Leahy, 55, will be based at Clayton Dubilier’s London office, the firm said in a statement yesterday. He left Tesco, the U.K.’s biggest retailer, in March after a 32-year career at the Cheshunt, England-based company.
Private-equity firms routinely use former executives of large companies to provide advice to companies they own by sitting on boards or consulting with executives on operational matters. New York-based Clayton Dubilier counts former General Electric Co. CEO Jack Welch among its advisers. Stuart Rose, the former CEO of U.K. clothing retailer Marks & Spencer Group Plc, became an adviser to Bridgepoint Capital Ltd. last year.
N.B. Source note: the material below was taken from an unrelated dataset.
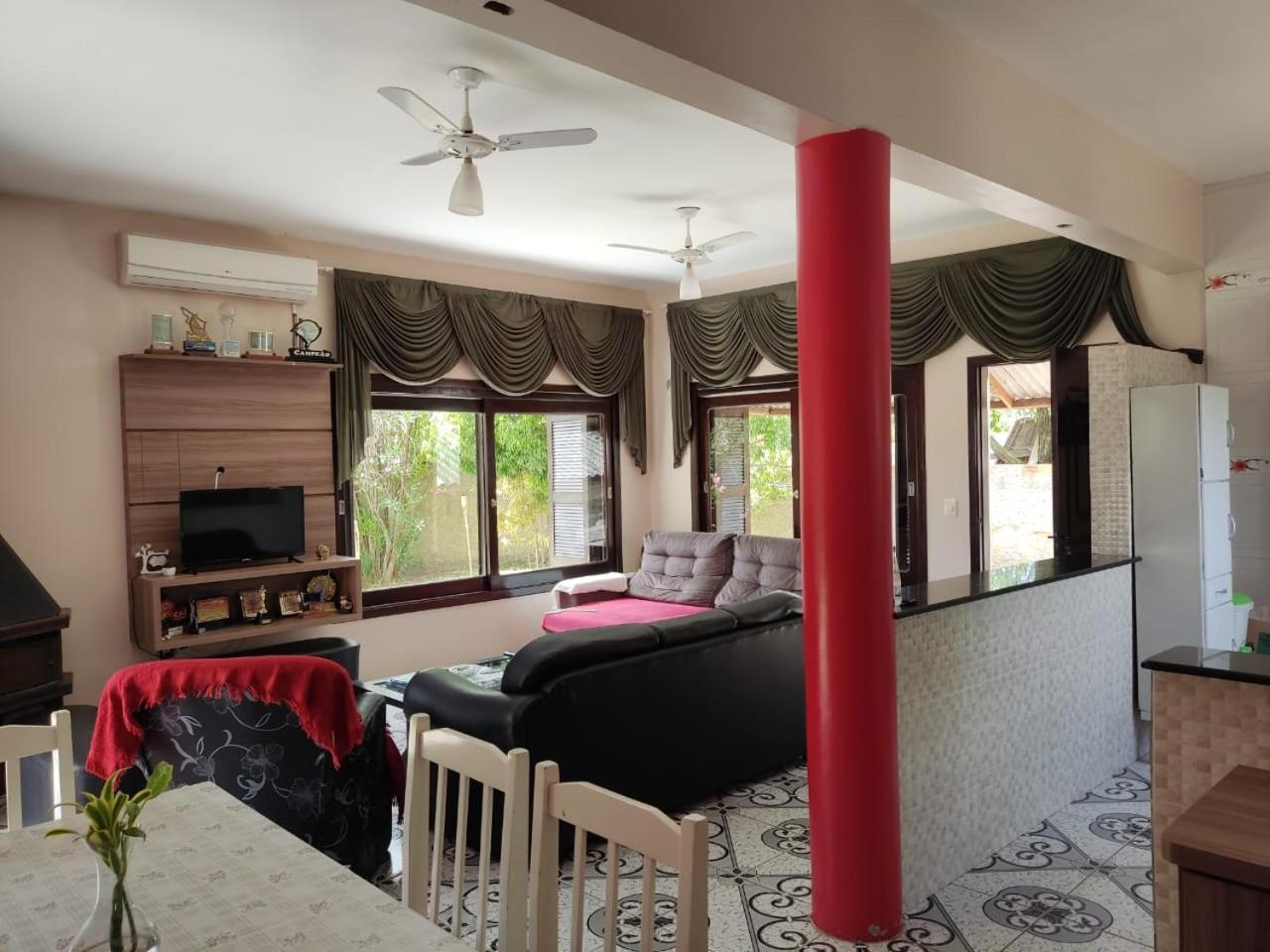 One-Bedroom House photo 3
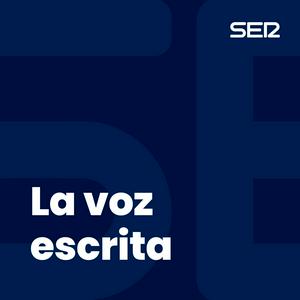 La voz escrita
Tesco more than quadrupled sales and profit during the 14 years that Leahy ran the company. Under his leadership, the supermarket company entered Japan, Malaysia, Thailand, South Korea and the U.S., increasing the proportion of sales from outside the U.K. to about a third from 6 percent when he took control. Leahy was succeeded as Tesco CEO by Phil Clarke, who had headed the company’s operations in Asia and Europe.
Private-equity firms are hiring executives from industry as they seek to invest some of the $470 billion of capital they raised before the credit crisis. They have led $147 billion of takeovers this year, up from $79 billion in the same period a year earlier, according to data compiled by Bloomberg.
Clayton Dubilier’s investments include U.S. Foodservice, the second-largest U.S. food-service distributor, which it bought with Kohlberg Kravis Roberts & Co. from Royal Ahold NV in 2007.